Who is doing promising work on age related neurodegenerative disorders?

Same as above.

I know anecdotally there is healing power in the herbs and spices. But what about the countries where these spices do not grow or those that do not know how to cook with these spices.

Is there any hope for them?

I think there is certainly hope for those in cultures that don’t incorporate these herbs and spices in their diet, it comes down to integrating supplements into our healthcare system through companies that are properly vetted who have products backed by rigorous scientific data (preclinical and clinical).
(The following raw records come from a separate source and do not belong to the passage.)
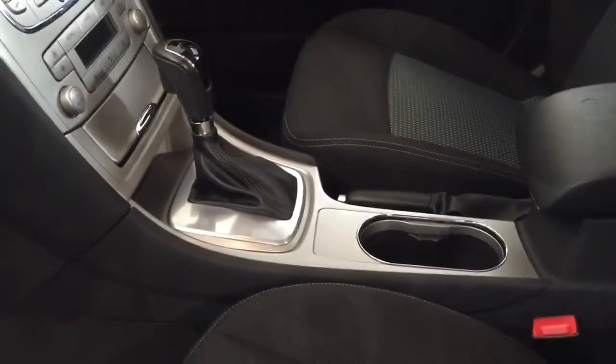Just look at how nice the seats are — no wear and tear on the seats at all. It's absolutely fantastic. It's got dual zone climate, Bluetooth, cruise control, and electric windows front and back. It's a very nice car indeed.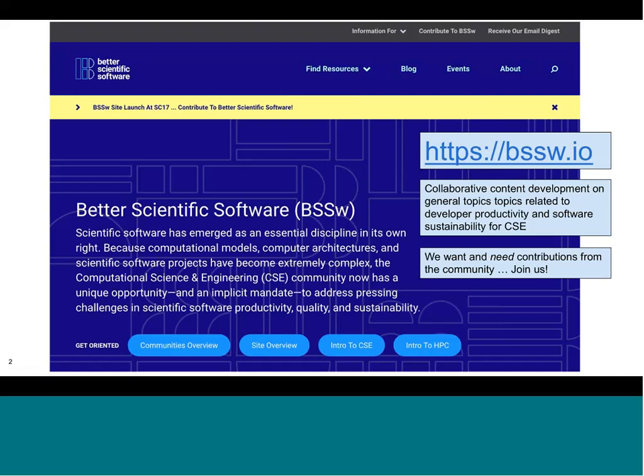Here you see a screenshot of the newly launched Better Scientific Software site. This site is focused on being a general hub for the community to collaboratively share information about topics related to scientific software.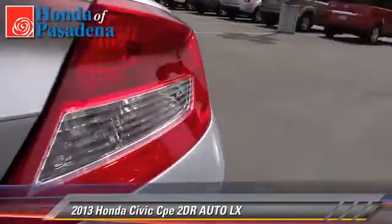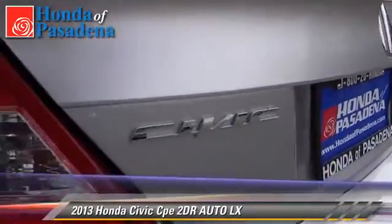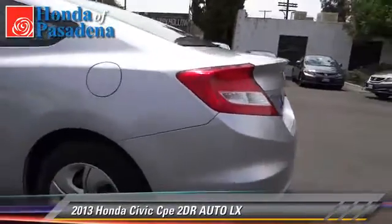Comfort and convenience features include power windows, a CD player, and Bluetooth wireless. Give us a call to schedule your test drive today.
The work by Dr Dale Bredesen and Dr Richard Isaacson holds the most promise in my mind. AD can be stratified into different types of pathologies (just like diabetes) based on risk factors and biomarkers of disease etiology.
Some real strides can be made with personalized, preventative approaches.

List of lifestyle changes that can make a big impact for prevention and, with technological augmentation, disease reversal. Can google the following interventions

-Sleep (Matthew Walker)
-environmental toxin avoidance and removal (Sauna, Charles Raison, Jari Laukanan)
-Diet (Valter Longo, Eric Verdin and others)
-Exercise (Giselle Petzinger)
-Stress Reduction (Pierre Capel)
-Supplementation (Hussein Yassein and others: probiotics/microbiome restoration, quercetin and fisetin- senolytics, turmeric, omega-3s, etc)

As far as a unified theory of neurodegeneration, there’s some good evidence suggesting AD is fundamentally a problem of impaired neuronal energy utilization (In Alzheimer Research, Glucose Metabolism Moves to Center Stage - PubMed ). With this framework in mind, companies can start moving away from the primacy of the Amyloid Beta Hypothesis and design better pipelines and clinical trials to address neurodegenerative disease.

ReCODE protocol and Cognoscopy

Richard Isaacson preventative protocol https://www.ncbi.nlm.nih.gov/pmc/articles/PMC6925647/

Would be happy to talk about any number of these topics if you’re looking for further information: harinatg@gmail.com


This is a nice list. When it comes to exercise, I’ve always thought the benefits come from circulatory improvements, fat reduction and glucose control. Now I am giving more importance to the role of clearing out waste products, and possibly a role in autophagy. Sleep also assists in autophagy.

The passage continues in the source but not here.